(This article is from my professional blog Undercurrent Coaching but I wanted to share it with you here.)
Why do we need to love ourselves? A favored topic among women’s literature and magazines, self-love advice is usually wrapped up in one or two vague and prescriptive lines, like be more confident; believe in yourself; accept who you are.
Has that advice ever helped you to? Probably not.
Love’s complexity is also its’ beauty. Healthy self-love is the full expression of the human spirit and without that sense of inner peace co-existing with the outer world, well — life would be pretty unbearable.
Self-love is what propels us to become better versions of ourselves. It’s not a static end-point — you don’t awake one day, fully self-loving and expect that to continue for the rest of your days.
Inspiration and reflection blend seamlessly together. Self-love is the balance between appreciating who you are and discovering who you will become.
Loving the self makes all other expressions of love visible. Like a house of cards, each layer depends upon the strength of the former, yet, each new layer, an extension of trust too.
Love of anything or anyone depends upon how much of yourself you see reflected within it. You soon recognize there is no separation between you and the other – somehow, you understand it’s all connected.
It’s one thing to intellectual say this and another to viscerally experience it. In the state of lucid acceptance, judgment of self is nearly impossible – and this ushers in the realization that self-love is possible when you stop being critical of yourself and appreciate the simplicity of being you.
What does it take to actually love yourself? There are conditions which bring about this desired level of awareness, and it’s comprised of virtues like openness, patience, acceptance, benevolence– you know, all those admirable human traits that have been around since the dawn of time.
But one important component to receiving self-love is, paradoxically, the experience of pain.
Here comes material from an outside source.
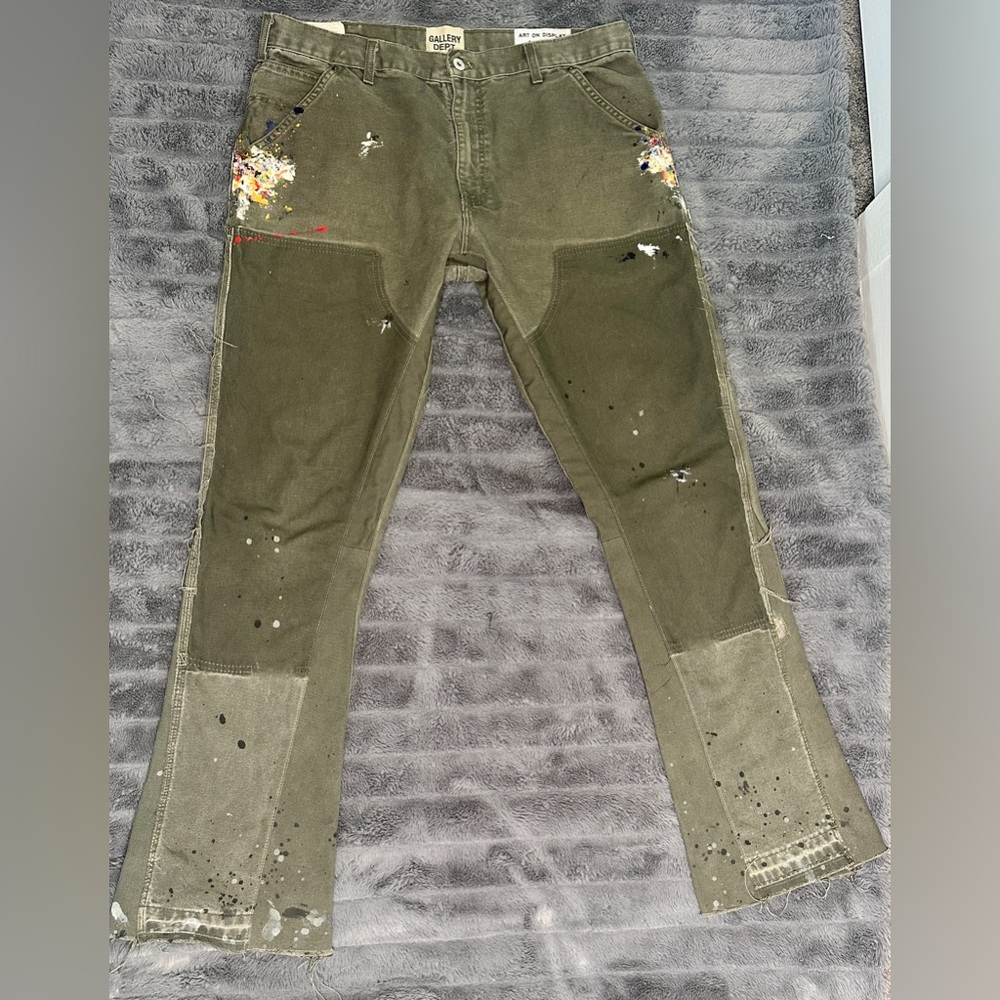 Gallery Dept. Flared Carpenter Pants in the distinguished "Olive Green" hue.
Pain shapes how we navigate the world – pain’s lingering nature has the ability to haunt and torment long after the cause. In understanding your pain, you can understand your freedom too.
“There is a secrete medicine given only to those who hurt so hard they can’t hope – the hopers would feel slighted if they knew…” -Rumi
What this medicine is will vary for person to person, but it’s received through the altering of your pain. The transformation to self-loves comes from accepting your pain as your promise. They are inseparable. Until you connect the halves with you, authentic self-love is not possible. No one else can bring these two segments together for you.
Love of self makes all other expressions of love possible for everything we encounter is a mirror of who we are. The more we love and accept our selves, the greater we do the same to others.